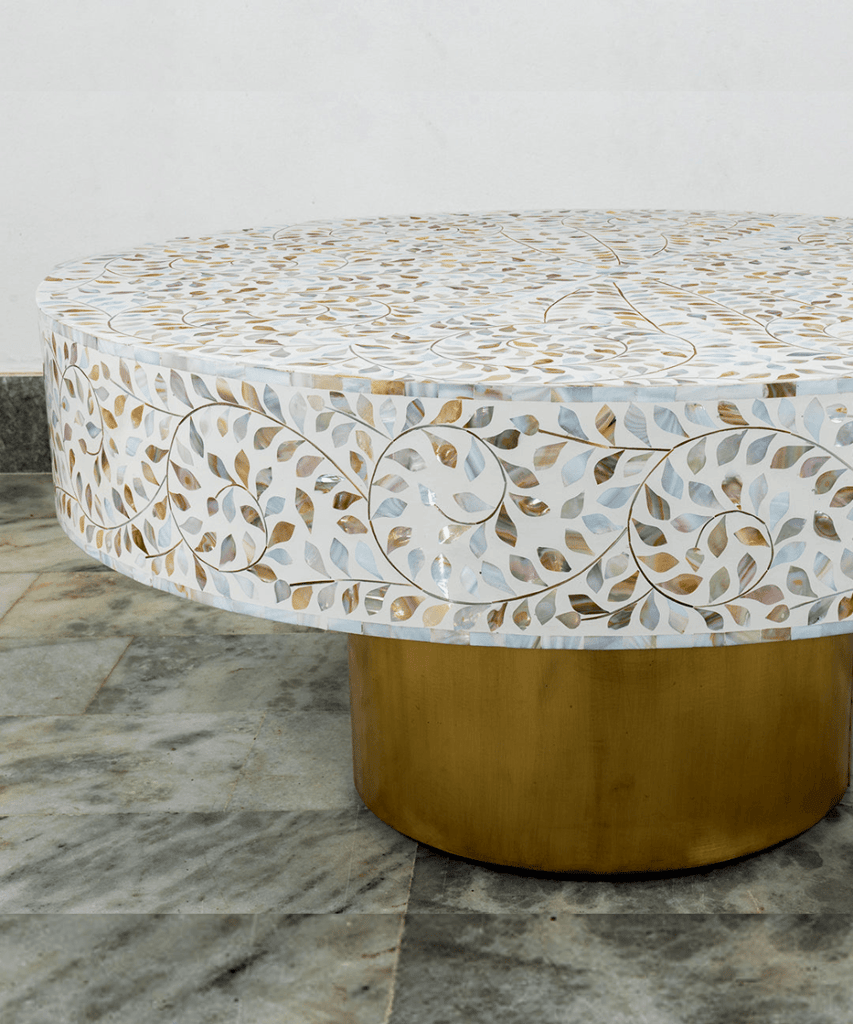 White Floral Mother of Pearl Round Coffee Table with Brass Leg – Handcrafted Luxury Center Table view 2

==============================

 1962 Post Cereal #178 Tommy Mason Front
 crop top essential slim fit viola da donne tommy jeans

==============================

→ **Task requirements**
Reproduce exactly the entries above, limited to the lines from the one with "1962 Post Cereal #178 Tommy Mason Front" through the one with "crop top essential", both included.

→ **Output below**
 1962 Post Cereal #178 Tommy Mason Front
 crop top essential slim fit viola da donne tommy jeans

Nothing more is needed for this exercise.